Dave Helling: Kansas Gov. Sam Brownback gets a fresh start with second term
Through much of the 1960s, the great political cartoonist Herb Block usually drew Richard Nixon with an ominous five o’clock shadow — a gray smear beneath a ski-jump nose and heavy eyebrows.
Until 1968. After Nixon won the race for the White House that year, Block offered an olive branch of sorts: “This shop gives to every new president of the United States a free shave,” his cartoon said.
In that spirit, let’s offer Kansas Gov. Sam Brownback best wishes as he’s sworn in for a second term next week — and a fair opportunity to reset his stewardship of the state.
It won’t be easy, of course. Brownback’s first-term efforts to remake tax policy have put the Kansas budget in a potentially dangerous hole, a problem that deepened before New Year’s Day when a three-judge panel in Topeka ruled that schools remain underfunded.
It’s difficult to see how the governor can make all the budget pieces fit this year.
Yet Kansas voters knew about those problems last November and re-elected Brownback anyway. In fact, his political trajectory strangely resembles that of Barack Obama. Both unapologetically sought big-picture, first-term reforms (tax cuts in Kansas, health coverage through the feds). Both struggled to implement those reforms. And both were re-elected to second terms despite serious opposition.
Kansans, we now know, are willing to give Gov. Brownback the benefit of the doubt.

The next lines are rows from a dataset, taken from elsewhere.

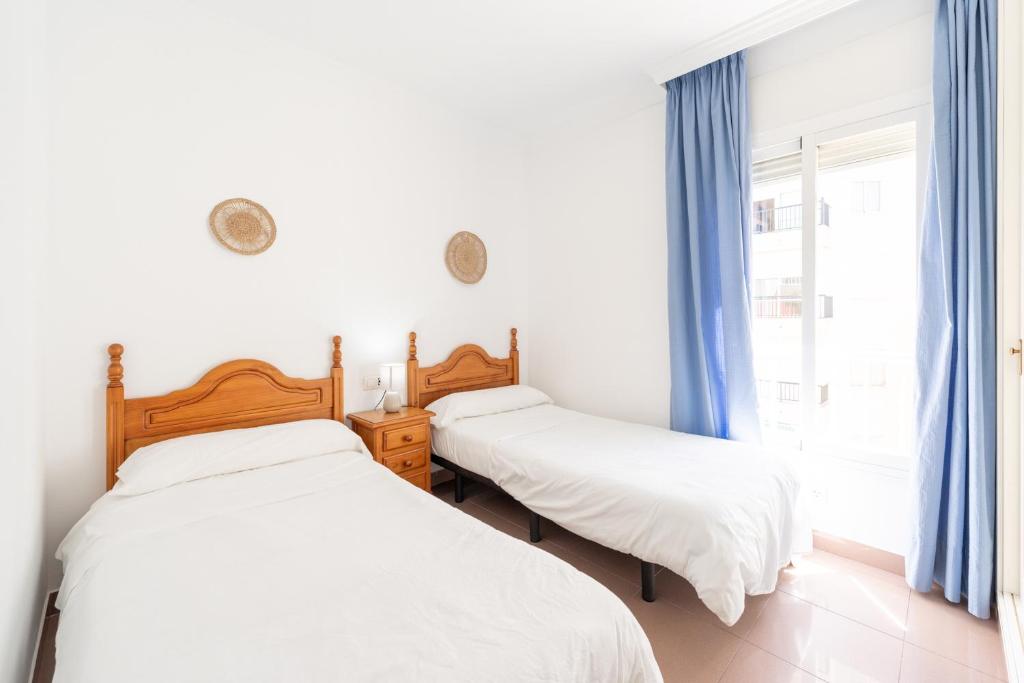 a bedroom with two beds and a window at Apartamentos Solset Nerja in Nerja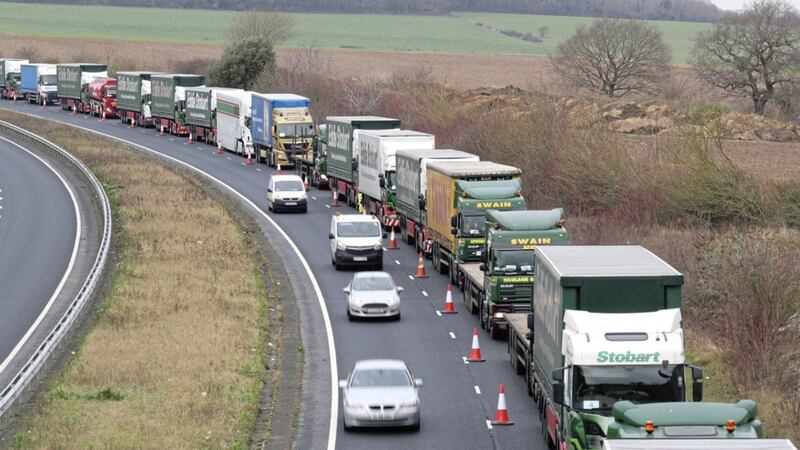 Lorries form up on the A256 outside Dover earlier this month for the second of two trials at the former Manston Airport site in Kent of a government plan to hold lorries in the event of post-Brexit disruption at the channel ports. Picture by Gareth Fuller, Press Association 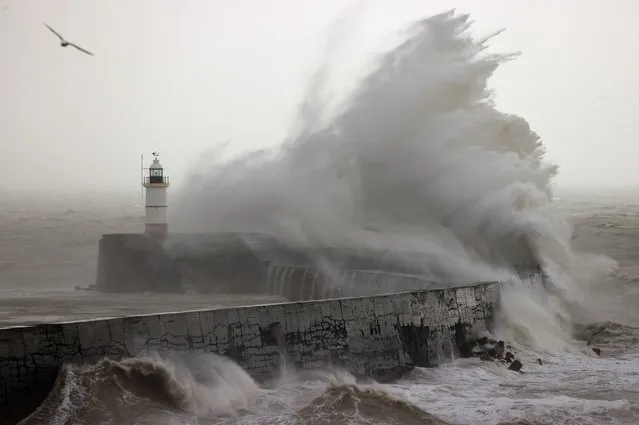 Waves crash over Newhaven Lighthouse and the breakwater in Newhaven on January 2, 2024, as Storm Henk brought strong winds and heavy rain across much of southern England. (Photo by Adrian Dennis/AFP Photo)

Let’s hope he returns the favor by being completely candid about the size of the challenge ahead. During the campaign, Brownback insisted the sun is shining in the state, a claim that wasn’t accurate. Revenue continues to slide, jobs are growing more slowly than in the rest of the nation and people are still moving away.
A simple admission that his tax cuts haven’t worked as quickly as he hoped would buy Brownback enormous goodwill. That, followed by a reasonable proposal to restore the state’s solvency, would likely give the governor the final-term legacy he clearly seeks.
Any such plan will almost certainly have to include increasing state revenue. That doesn’t have to mean an income tax hike: a broader tax base, maybe, or a higher gas tax could fatten the Kansas bank account. Postponing the next round of income tax reductions seems unavoidable, but revenue-increasing tax changes might also do the trick.
Most Kansans understand Democrats and judges aren’t the enemy — the calculator is. Let’s hope Gov. Brownback takes the oath with a good one in his pocket.